In a way, the film Théo et Hugo can be compared to Richard Linklater's trilogy, beginning with Before Sunrise (1995), only the couple in that movie, Céline (Julie Delphy) and Jesse (Ethan Hawke), first get to know each other and take a very, very long time before having sex: see Before Sunset (2004) and Before Midnight (2013). Hugo (François Nambot) and Théo (Geoffrey Couët) have sex first and then get to know each other.
They have sex at the gay sex club L'Impact, 18 Rue Greneta, 2e, in a long scene lasting over fifteen minutes in which bodies kiss, stroke, fondle and have (sometimes noisy) unsimulated sex. This scene – set in real time like the whole film, and of course reminding us of Varda's Cléo de 5 à 7 in format – is hardly pornographic though, as there is no dwelling on the genitals, just the faces and the bodies, the movements.
After the anonymity, Théo and Hugo leave together, still in the early hours of the morning, and their first argument is a serious one: they agree that there's something special about their encounter, although when Hugo reveals that he's not used a condom Théo goes crazy and says he has to go to hospital immediately: Théo is HIV positive. What ensues is not an easy ride, with the two guys having to pass through a homophobic old guy and Hugo being initiated into the medication procedure. This is Hugo's fault or Théo's? Well, Théo's from Lons-le-Saunier (Jura), which is hardly Paris, and, oh, we'll forget that, they're both in the same boat, both as guilty as the other.
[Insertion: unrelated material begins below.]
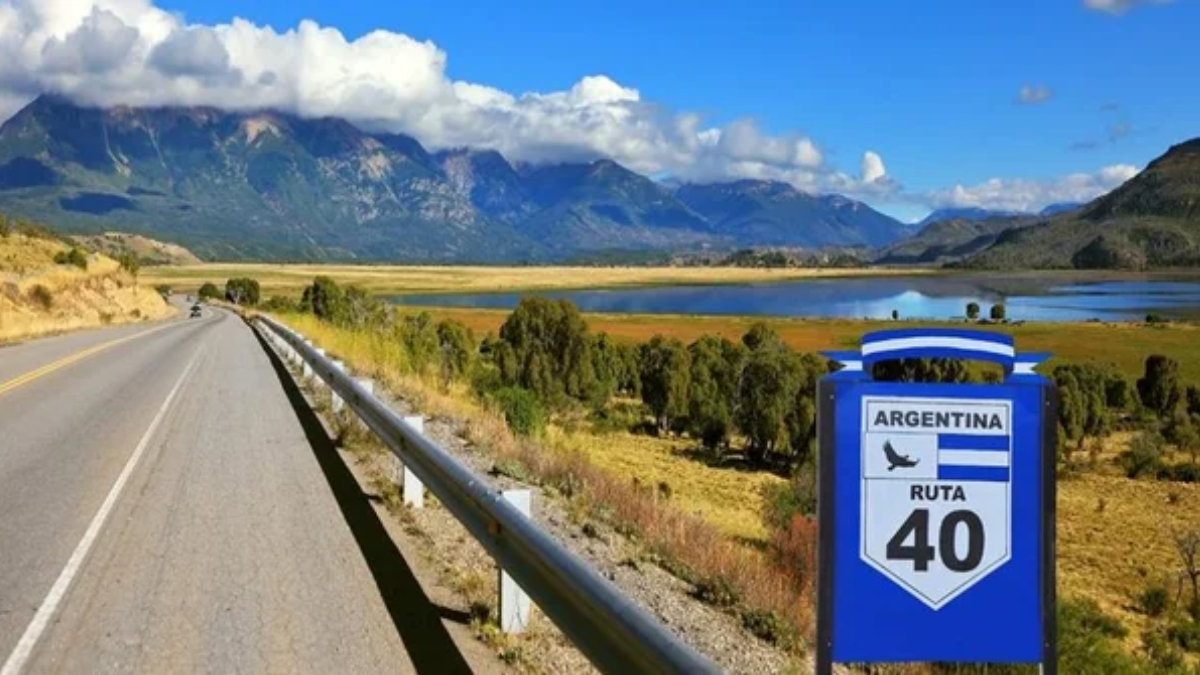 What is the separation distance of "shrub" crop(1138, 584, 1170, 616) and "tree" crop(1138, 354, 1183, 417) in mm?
53683

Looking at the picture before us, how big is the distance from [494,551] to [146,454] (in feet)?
23.5

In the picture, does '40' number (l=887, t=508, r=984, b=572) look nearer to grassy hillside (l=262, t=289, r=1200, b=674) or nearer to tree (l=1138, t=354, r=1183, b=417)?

After that the film resembles an old-fashioned love story, two people just wandering around Paris before daybreak, buying a meal from the Syrian kebab man, the aged chambermaid from Yvetot talking to them on the first métro, and them arriving in central Paris, to Hugo's chambre de bonne on the sixth floor. There Théo undresses Hugo, examines his genitals in a loving way, as if he's really impressed with his catch, but they don't have sex again, that's for later: who knows, this relationship could continue until, well, the end?
I have a feeling that this could well prove to be a landmark gay movie.